STUDY MATERIAL:
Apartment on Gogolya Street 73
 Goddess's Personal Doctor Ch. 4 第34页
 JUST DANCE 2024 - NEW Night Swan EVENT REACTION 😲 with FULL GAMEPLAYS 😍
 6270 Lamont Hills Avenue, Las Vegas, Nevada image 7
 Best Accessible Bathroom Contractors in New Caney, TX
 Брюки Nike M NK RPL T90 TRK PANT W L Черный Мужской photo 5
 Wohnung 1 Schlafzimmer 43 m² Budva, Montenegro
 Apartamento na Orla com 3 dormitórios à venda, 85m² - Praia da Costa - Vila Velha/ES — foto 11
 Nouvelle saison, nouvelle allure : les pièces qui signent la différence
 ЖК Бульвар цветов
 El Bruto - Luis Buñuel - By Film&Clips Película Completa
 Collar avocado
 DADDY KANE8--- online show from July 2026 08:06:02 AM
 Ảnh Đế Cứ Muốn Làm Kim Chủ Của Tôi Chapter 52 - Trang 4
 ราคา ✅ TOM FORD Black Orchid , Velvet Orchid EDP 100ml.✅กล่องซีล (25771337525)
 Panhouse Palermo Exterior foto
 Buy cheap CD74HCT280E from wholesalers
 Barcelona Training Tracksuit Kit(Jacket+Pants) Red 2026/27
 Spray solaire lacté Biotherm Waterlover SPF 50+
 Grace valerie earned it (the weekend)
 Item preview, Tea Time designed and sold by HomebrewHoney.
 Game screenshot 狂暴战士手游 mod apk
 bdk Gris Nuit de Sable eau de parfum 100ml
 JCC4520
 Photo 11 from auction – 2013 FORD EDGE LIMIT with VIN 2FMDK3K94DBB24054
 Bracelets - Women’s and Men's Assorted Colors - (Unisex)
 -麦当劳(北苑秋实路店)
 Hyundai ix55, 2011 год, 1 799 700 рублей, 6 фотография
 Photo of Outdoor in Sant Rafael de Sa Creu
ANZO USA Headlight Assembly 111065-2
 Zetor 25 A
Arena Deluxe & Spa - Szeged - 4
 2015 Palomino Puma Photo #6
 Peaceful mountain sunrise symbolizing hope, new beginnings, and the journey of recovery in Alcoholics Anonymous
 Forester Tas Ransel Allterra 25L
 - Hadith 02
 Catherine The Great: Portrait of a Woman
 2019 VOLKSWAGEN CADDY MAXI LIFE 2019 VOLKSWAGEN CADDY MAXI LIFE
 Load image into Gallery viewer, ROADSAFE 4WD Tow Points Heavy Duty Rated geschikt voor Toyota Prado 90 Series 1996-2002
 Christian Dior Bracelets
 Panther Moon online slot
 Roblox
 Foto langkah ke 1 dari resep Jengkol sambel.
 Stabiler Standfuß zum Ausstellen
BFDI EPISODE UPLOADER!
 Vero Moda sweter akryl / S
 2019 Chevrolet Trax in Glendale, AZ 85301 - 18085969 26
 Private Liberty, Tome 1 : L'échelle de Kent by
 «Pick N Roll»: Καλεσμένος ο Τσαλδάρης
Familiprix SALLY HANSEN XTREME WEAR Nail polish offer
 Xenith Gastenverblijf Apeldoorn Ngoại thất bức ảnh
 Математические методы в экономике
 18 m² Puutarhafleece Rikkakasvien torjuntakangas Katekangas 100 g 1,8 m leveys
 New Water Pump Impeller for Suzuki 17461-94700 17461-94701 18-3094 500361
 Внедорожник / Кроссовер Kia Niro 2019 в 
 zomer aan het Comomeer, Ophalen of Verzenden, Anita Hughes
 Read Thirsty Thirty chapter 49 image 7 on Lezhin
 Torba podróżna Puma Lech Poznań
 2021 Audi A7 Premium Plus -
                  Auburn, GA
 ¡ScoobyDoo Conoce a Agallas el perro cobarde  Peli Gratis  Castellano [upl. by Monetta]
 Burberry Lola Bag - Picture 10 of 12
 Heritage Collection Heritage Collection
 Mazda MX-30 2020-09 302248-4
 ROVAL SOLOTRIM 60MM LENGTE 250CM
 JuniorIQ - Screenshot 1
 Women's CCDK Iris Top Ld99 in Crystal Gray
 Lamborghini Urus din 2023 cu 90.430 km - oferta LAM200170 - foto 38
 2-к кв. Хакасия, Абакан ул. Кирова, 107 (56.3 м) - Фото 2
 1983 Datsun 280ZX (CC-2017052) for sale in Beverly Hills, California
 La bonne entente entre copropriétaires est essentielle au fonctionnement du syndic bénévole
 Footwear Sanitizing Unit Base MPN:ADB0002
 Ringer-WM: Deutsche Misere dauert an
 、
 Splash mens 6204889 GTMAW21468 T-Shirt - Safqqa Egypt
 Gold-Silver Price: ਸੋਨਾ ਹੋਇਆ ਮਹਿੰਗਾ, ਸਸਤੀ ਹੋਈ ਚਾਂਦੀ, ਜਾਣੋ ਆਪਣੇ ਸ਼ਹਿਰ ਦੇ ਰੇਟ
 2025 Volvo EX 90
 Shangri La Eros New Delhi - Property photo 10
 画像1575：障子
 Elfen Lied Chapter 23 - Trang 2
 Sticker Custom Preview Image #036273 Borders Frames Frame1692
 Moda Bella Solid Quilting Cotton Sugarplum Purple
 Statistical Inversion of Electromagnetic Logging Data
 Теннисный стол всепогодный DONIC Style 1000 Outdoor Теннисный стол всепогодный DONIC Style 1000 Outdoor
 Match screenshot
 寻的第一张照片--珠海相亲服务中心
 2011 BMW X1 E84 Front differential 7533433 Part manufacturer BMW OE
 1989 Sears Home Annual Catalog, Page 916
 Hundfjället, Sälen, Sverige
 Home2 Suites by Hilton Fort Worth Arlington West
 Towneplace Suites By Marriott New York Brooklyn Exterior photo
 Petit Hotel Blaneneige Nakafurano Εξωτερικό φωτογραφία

WHAT TO WORK ON:
Beginning with the first line of the entries, repeat each line exactly until you have reproduced the one containing "Best Accessible Bathroom", and add nothing further.

OUTPUT OF THE EXERCISE:
Apartment on Gogolya Street 73
 Goddess's Personal Doctor Ch. 4 第34页
 JUST DANCE 2024 - NEW Night Swan EVENT REACTION 😲 with FULL GAMEPLAYS 😍
 6270 Lamont Hills Avenue, Las Vegas, Nevada image 7
 Best Accessible Bathroom Contractors in New Caney, TX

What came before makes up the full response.